Alan Truman 13 October 2011

Pot Pourri Bowl with Lid and Finial

This item was made in three pieces see final photo.See Alan's photos

Alan had already defined the “scoops” in the base, and began by mounting it on the lathe. He turned a void for an expansion chuck and delineated a foot. He then turned the outside of the bowl, from outside edge to centre. Normally this would be done from centre to edge (with the grain), but this way avoided tear-out at the points. Having done this, he power sanded from 120 to 320, locking the spindle to power sand each “scoop”, photo AT11_05

He brushed off the dust, covered the lathe bed and gave the item two coats of cellulose sanding sealer which was diluted 50/50 with cellulose thinners, applying it with a rag. He followed this with Briwax applied with 0000 wire wool and buffed it to a shine with a soft cloth.

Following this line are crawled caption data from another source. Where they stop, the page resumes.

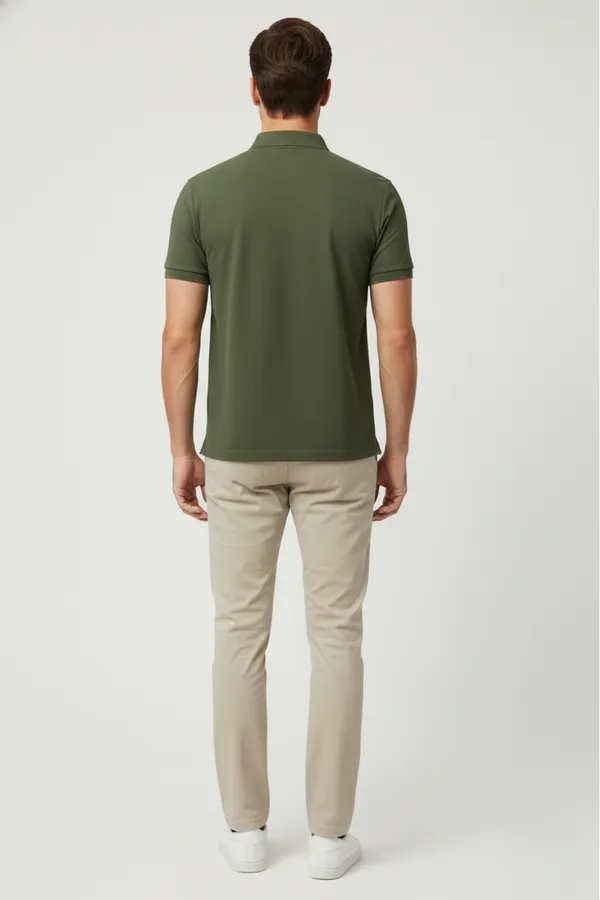 Olive_Polo_Matty_Premium_&_Elegant_Polo_T-Shirt_For_Men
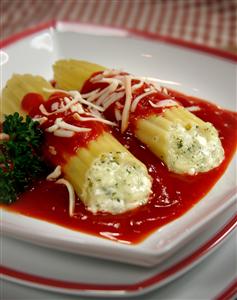 Manicotti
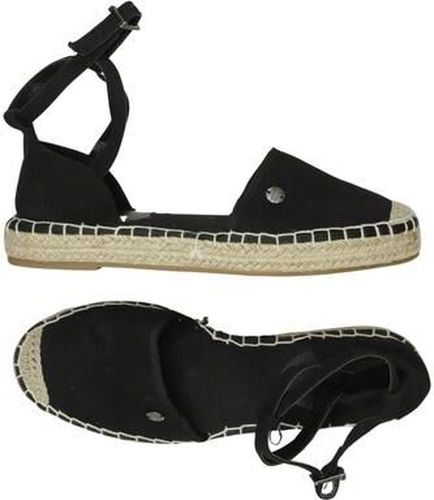 Damen Sandale, schwarz, Gr. EU 39 - Second Hand - Esprit - Modalova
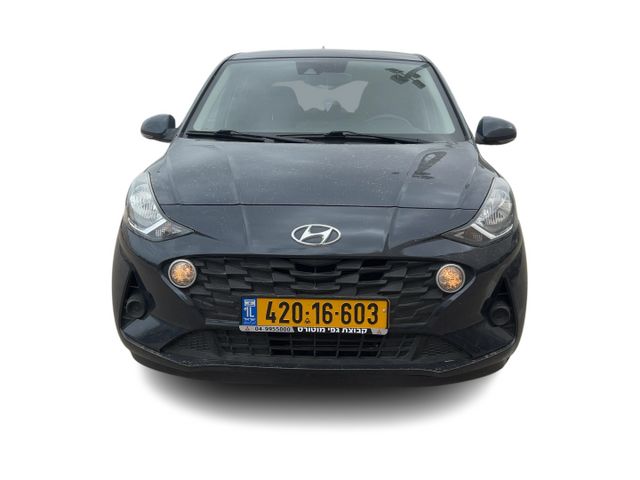 מודעת רכב יונדאי i10 2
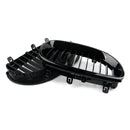 Frontgrill / Frontnierengrill für 2003–2010 BMW E60 E61 5er (2003–2010) Generic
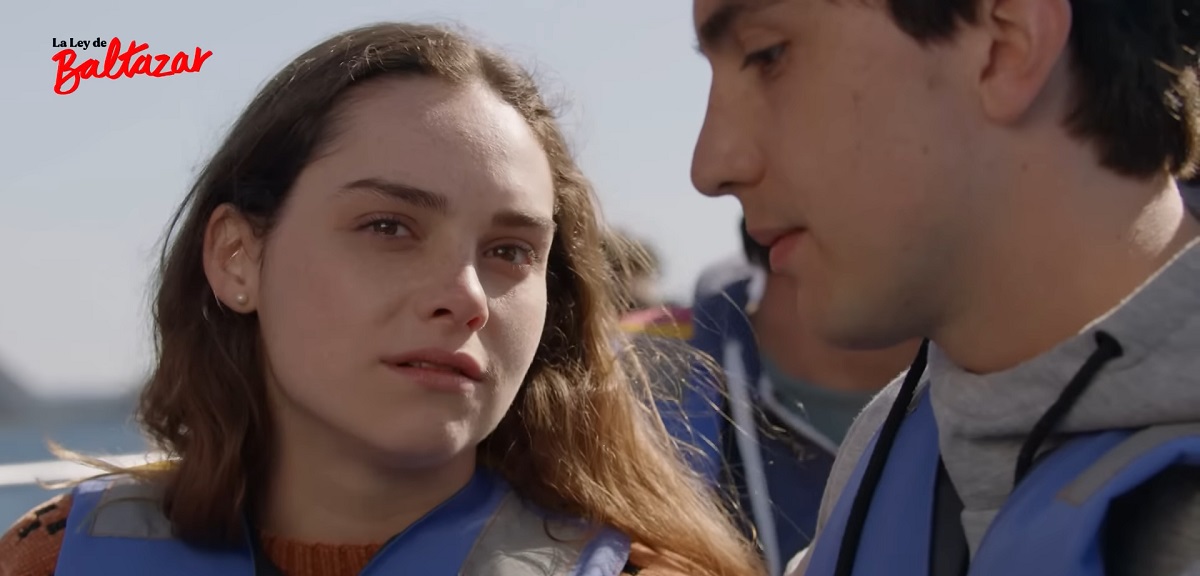 Candelaria reveló maltratos de su padre en La ley de Baltazar: 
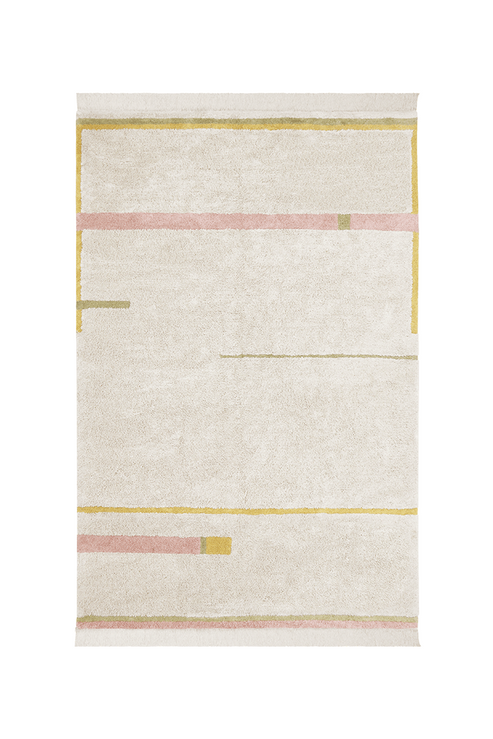 LORENA CANALS RUG LANES NUDE 90*130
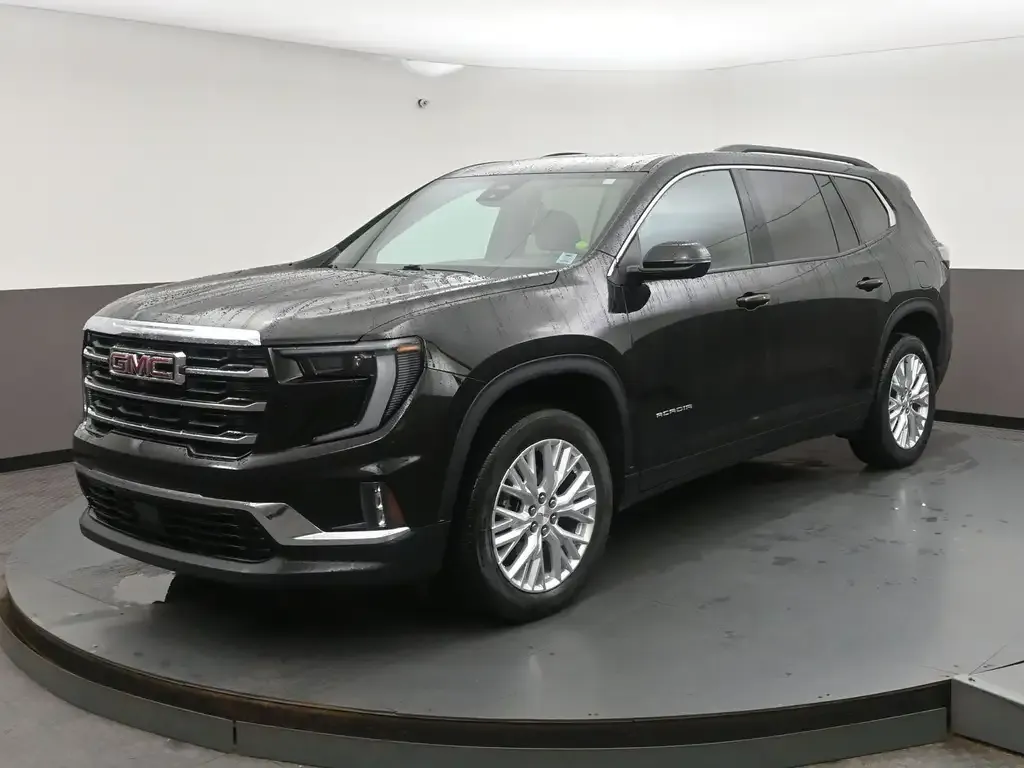 GMC Acadia 2025 photo 3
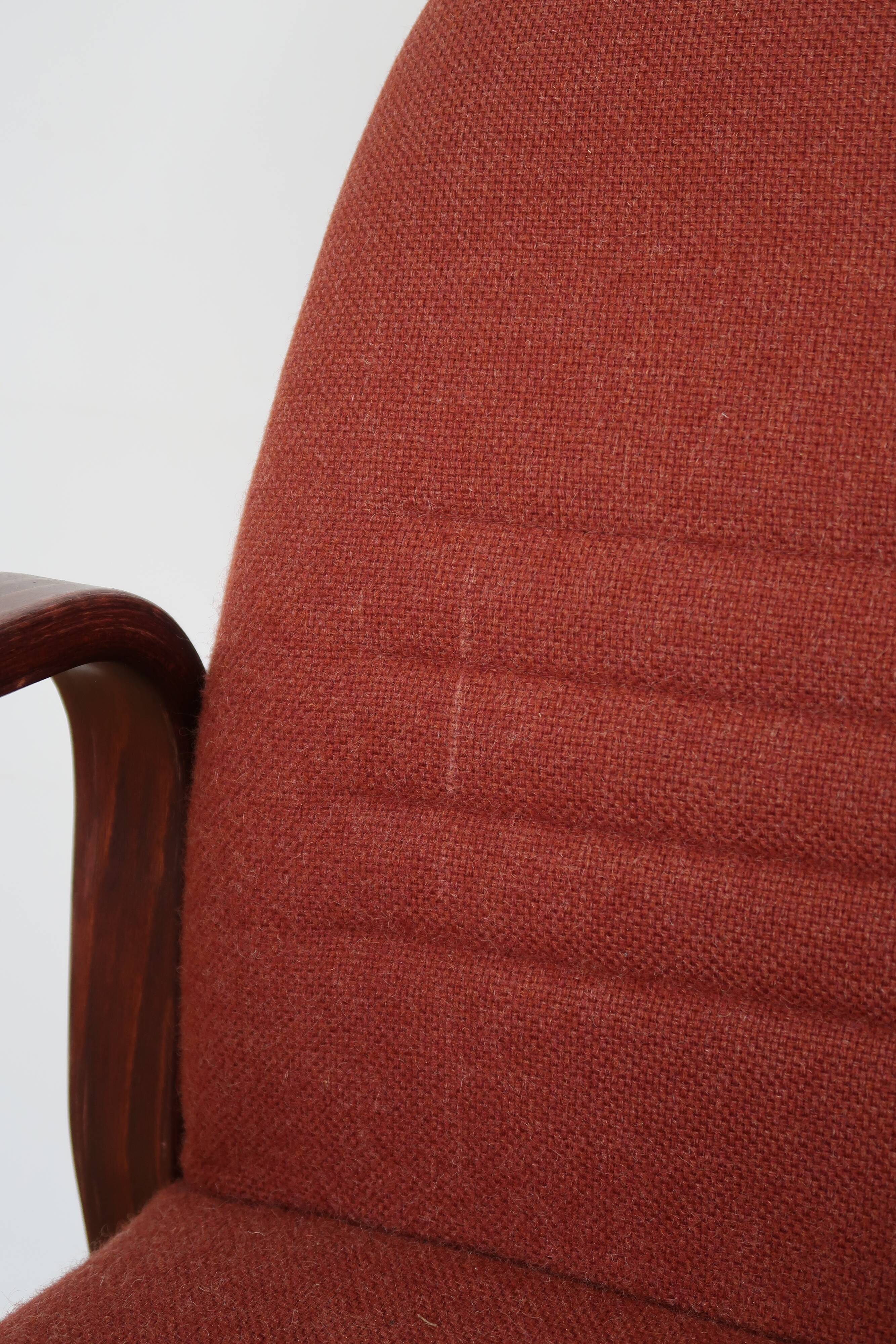 Fauteuil de bureau 60's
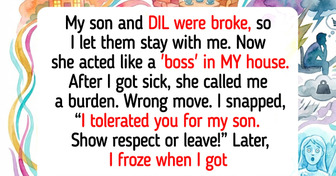 I Refused to Let My DIL Walk All Over Me in My Own House—Then She Went Too Far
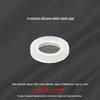 Corrugated and Sealing Gaskets: PTFE, Silicone, Nitrile Rubber, and Teflon Rings.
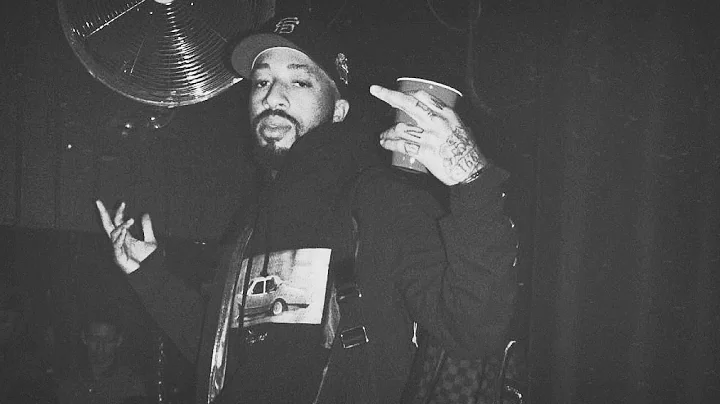 Larry June Type Beat "Slurricane"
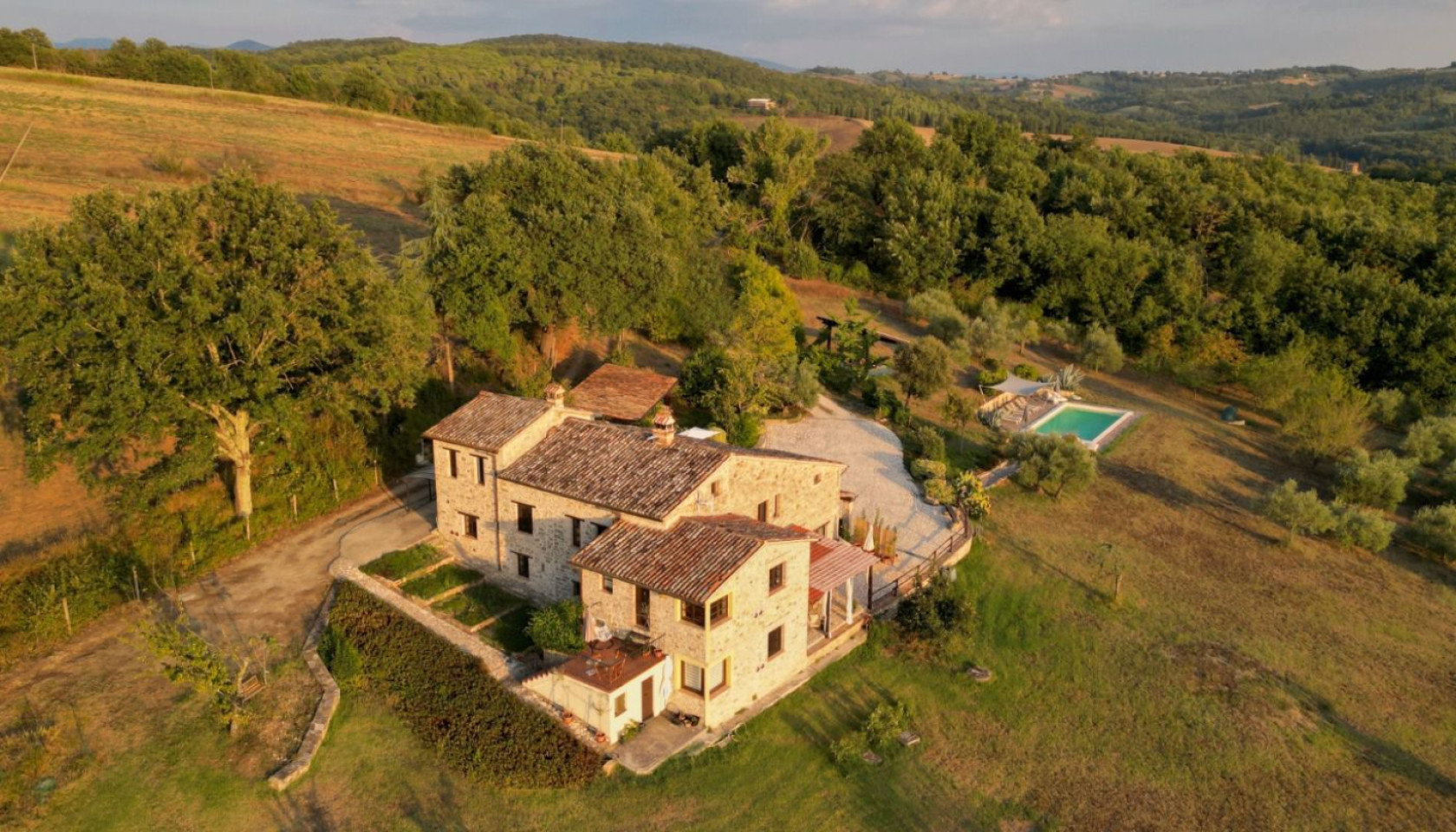 Vocabolo Vasciano Home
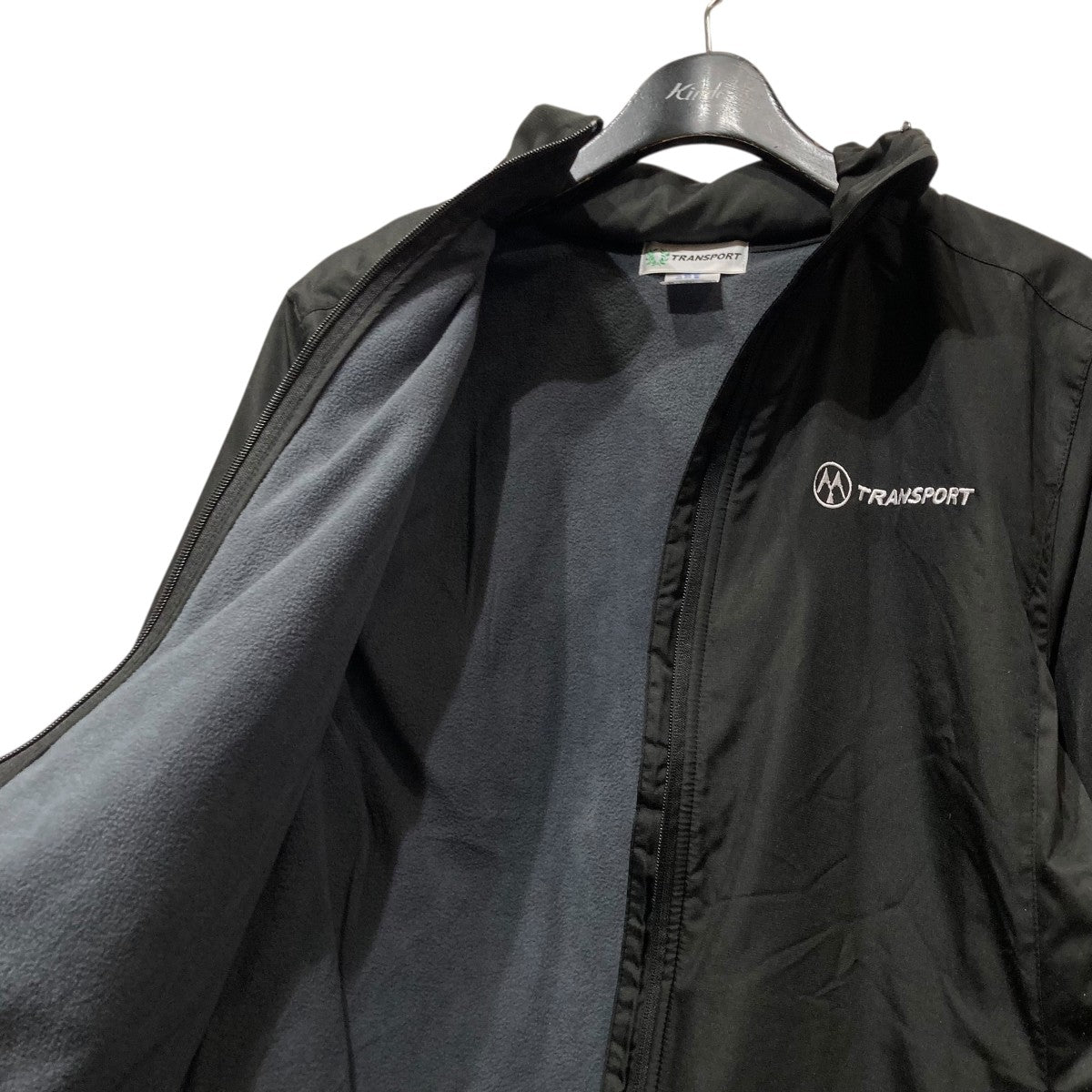 25AWMicro Ripstop Hood in Jacketマイクロリップストップジャケット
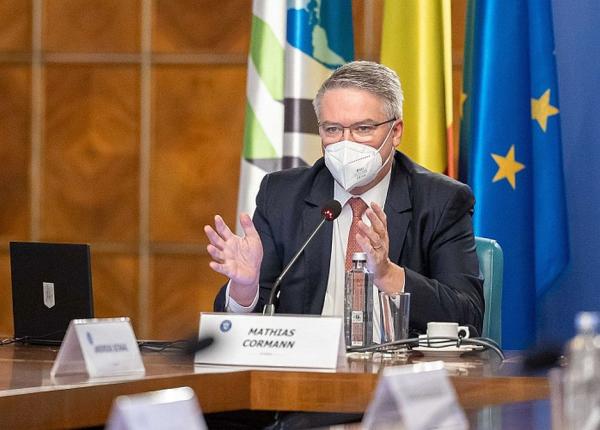 mathias cormann ocde romania are una dintre cele mai mici rate de vaccinare din ue ar trebui extinsa implementarea certificatului verde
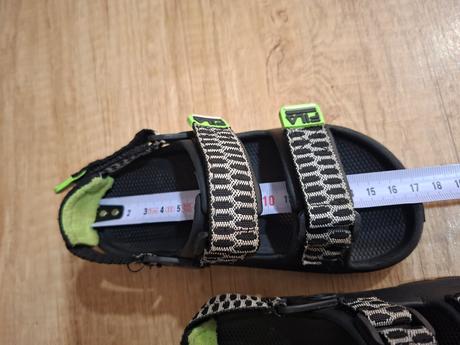 Fiľakovo sandalky, fila,27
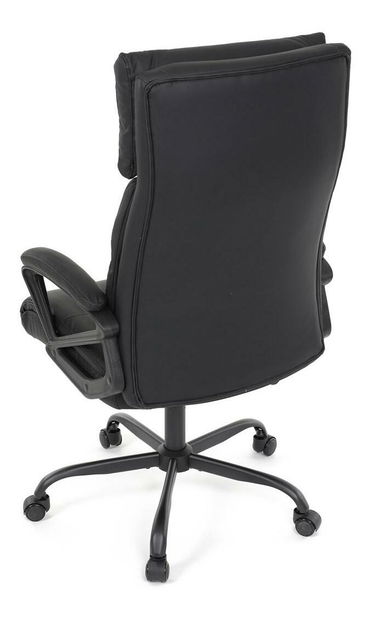 Kancelárske kreslo Revisara (čierna)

The piece was reversed, checked for true running and the bowl hollowed – again from outside edge to centre – undercutting the rim. He began each cut about 1/8” from the rim, riding the bevel. He used callipers (photo AT11_06) to measure the depth and made final cuts to leave as few tool marks as possible. Alan power sanded, again from 120 – 320, brushed away the dust, applied sanding sealer and polished as before. (photo AT11_07)

The lid already had holes drilled in it part through, and this was mounted on the lathe using a screw chuck. Alan stressed he was looking for a “relaxed” fit. (photo AT11_08) He trued the face from the outside edge, establishing the diameter needed by offering up the already turned base. He proceeded to hollow the lid until the holes were reached. (photo AT11_10) To avoid tearing the holes he turned the flute upwards and allowed the bevel to rub. He left a “boss” to accommodate the screw chuck and made a 1/8” deep chucking point. ( photo AT11_12) He left a small raised area where a finial would be mounted. Just one coat of sanding sealer was applied, but no polish, and then careful power sanding with 120 grit. The inside of the holes were sanded by hand, using abrasive wrapped around a dowel. The lid was re-chucked using the recess, trued up, and the top turned to match the inside curve. (photo AT11_14). The outside was sanded and polished as for the base. (photo AT11_15)

The yew finial blank was mounted in O’Donnell jaws (photo AT11_16) and the tailstock brought up for support to begin with. The item was roughed to a cylinder, planed with the skew, shaped, sanded, sealed and polished with carnauba was. It was parted with the long end of the skew, and glued in to the lid. (photo AT11_17).

See finished item (photo AT11_21). Alan kindly left a “kit” for the project for our raffle.